Determine whether the series \[\sum\limits_{n = 1}^\infty {\frac{1}{{1 + 10n}}}\] converges or diverges.

Example 2

Show that the \(p\)-series \[\sum\limits_{n = 1}^\infty {\frac{1}{{{n^p}}}} \] converges for \(p \gt 1.\)

Example 1.

Determine whether the series \[\sum\limits_{n = 1}^\infty {\frac{1}{{1 + 10n}}}\] converges or diverges.

Solution.

We use the integral test. Calculate the improper integral

\[ \int\limits_1^\infty {\frac{{dx}}{{1 + 10x}}} = \lim\limits_{n \to \infty } \int\limits_1^n {\frac{{dx}}{{1 + 10x}}} = \lim\limits_{n \to \infty } \left. {\left[ {\frac{1}{{10}}\ln \left( {1 + 10x} \right)} \right]} \right|_1^n = \frac{1}{{10}}\lim\limits_{n \to \infty } \left[ {\ln \left( {1 + 10n} \right) - \ln 11} \right] = \infty .\]

Thus, the given series is divergent.

Example 2.

Show that the \(p\)-series \[\sum\limits_{n = 1}^\infty {\frac{1}{{{n^p}}}} \] converges for \(p \gt 1.\)

Solution.

We consider the corresponding function \(f\left( x \right) = \frac{1}{{{x^p}}}\) and apply the integral test.

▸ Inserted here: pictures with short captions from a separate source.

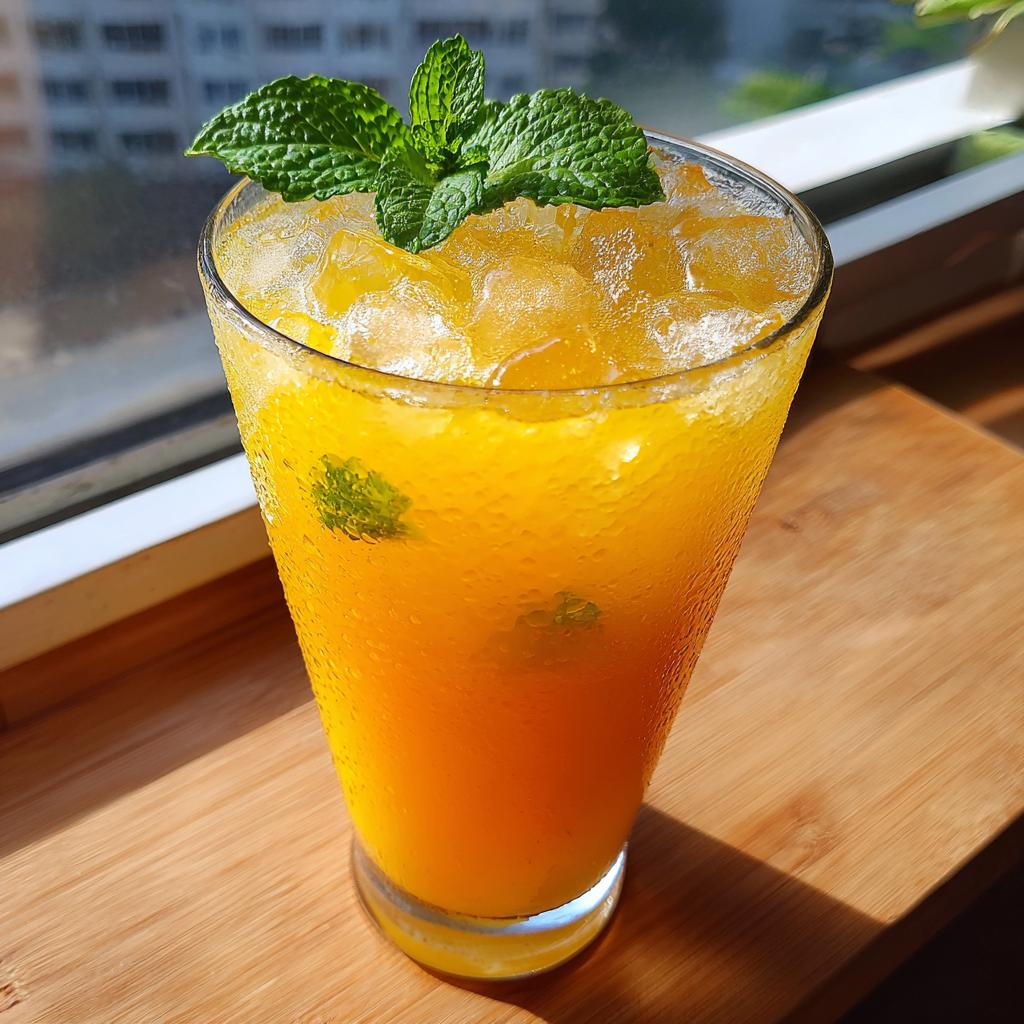 Ein hohes Glas mit leuchtend oranger Melonen-Limonade, gefüllt mit viel Eis und garniert mit frischen Minzblättern.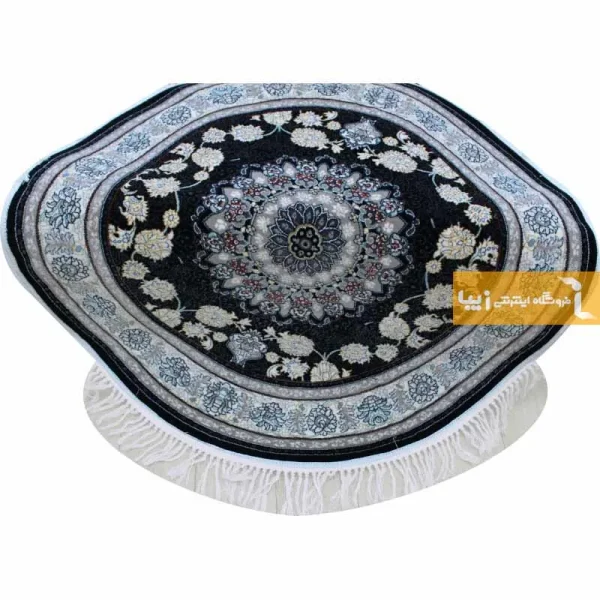 فرش گرد سرمه ای طرح اصفهان6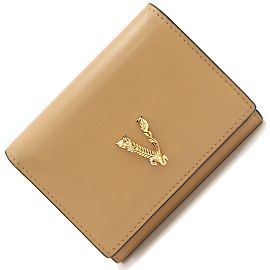 Versace Beige Leather Tri-fold Wallet Beige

The improper integral is

\[ \int\limits_1^\infty {\frac{{dx}}{{{x^p}}}} = \lim\limits_{n \to \infty } \int\limits_1^n {\frac{{dx}}{{{x^p}}}} = \lim\limits_{n \to \infty } \int\limits_1^n {{x^{ - p}}dx} = \lim\limits_{n \to \infty } \left. {\left( {\frac{1}{{ - p + 1}}{x^{ - p + 1}}} \right)} \right|_1^n = \frac{1}{{1 - p}}\lim\limits_{n \to \infty } \left. {\left( {\frac{1}{{{x^{p - 1}}}}} \right)} \right|_1^n = \frac{1}{{1 - p}}\lim\limits_{n \to \infty } \left( {\frac{1}{{{n^{p - 1}}}} - 1} \right) = \frac{1}{{p - 1}}.\]

Hence, the \(p\)-series converges for \(p \gt 1.\)